WHAT YOU SHOULD DO:
Upon reaching the line containing "道道PK技巧攻略，散人玩家轻松上手的实战指南", output that line and all remaining lines exactly, through the end of the entries, and output nothing before it.

(Dataset entries)
• • • • • • •
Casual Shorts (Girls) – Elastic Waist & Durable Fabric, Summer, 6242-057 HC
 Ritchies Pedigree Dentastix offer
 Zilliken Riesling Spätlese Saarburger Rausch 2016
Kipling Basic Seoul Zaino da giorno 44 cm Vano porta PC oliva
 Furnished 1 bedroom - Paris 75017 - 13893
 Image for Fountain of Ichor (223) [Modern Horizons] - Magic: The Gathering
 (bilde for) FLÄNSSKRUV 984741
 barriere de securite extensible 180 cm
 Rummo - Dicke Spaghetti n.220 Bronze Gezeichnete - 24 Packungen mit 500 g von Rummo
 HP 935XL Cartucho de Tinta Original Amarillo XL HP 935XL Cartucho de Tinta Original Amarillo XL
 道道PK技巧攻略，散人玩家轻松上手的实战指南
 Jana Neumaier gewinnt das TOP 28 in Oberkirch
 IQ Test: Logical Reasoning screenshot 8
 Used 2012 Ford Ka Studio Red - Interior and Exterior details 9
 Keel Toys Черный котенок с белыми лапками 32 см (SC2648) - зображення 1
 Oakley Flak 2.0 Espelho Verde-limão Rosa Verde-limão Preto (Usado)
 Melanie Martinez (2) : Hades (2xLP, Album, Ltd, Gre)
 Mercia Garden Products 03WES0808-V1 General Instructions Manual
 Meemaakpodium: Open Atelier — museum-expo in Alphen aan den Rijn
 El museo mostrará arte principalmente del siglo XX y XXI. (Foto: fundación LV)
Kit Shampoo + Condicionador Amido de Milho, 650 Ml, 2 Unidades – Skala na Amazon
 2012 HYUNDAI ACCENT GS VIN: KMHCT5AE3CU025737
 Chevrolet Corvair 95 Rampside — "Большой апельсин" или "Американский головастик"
• • • • • • •
EXPECTED ANSWER:
 道道PK技巧攻略，散人玩家轻松上手的实战指南
 Jana Neumaier gewinnt das TOP 28 in Oberkirch
 IQ Test: Logical Reasoning screenshot 8
 Used 2012 Ford Ka Studio Red - Interior and Exterior details 9
 Keel Toys Черный котенок с белыми лапками 32 см (SC2648) - зображення 1
 Oakley Flak 2.0 Espelho Verde-limão Rosa Verde-limão Preto (Usado)
 Melanie Martinez (2) : Hades (2xLP, Album, Ltd, Gre)
 Mercia Garden Products 03WES0808-V1 General Instructions Manual
 Meemaakpodium: Open Atelier — museum-expo in Alphen aan den Rijn
 El museo mostrará arte principalmente del siglo XX y XXI. (Foto: fundación LV)
Kit Shampoo + Condicionador Amido de Milho, 650 Ml, 2 Unidades – Skala na Amazon
 2012 HYUNDAI ACCENT GS VIN: KMHCT5AE3CU025737
 Chevrolet Corvair 95 Rampside — "Большой апельсин" или "Американский головастик"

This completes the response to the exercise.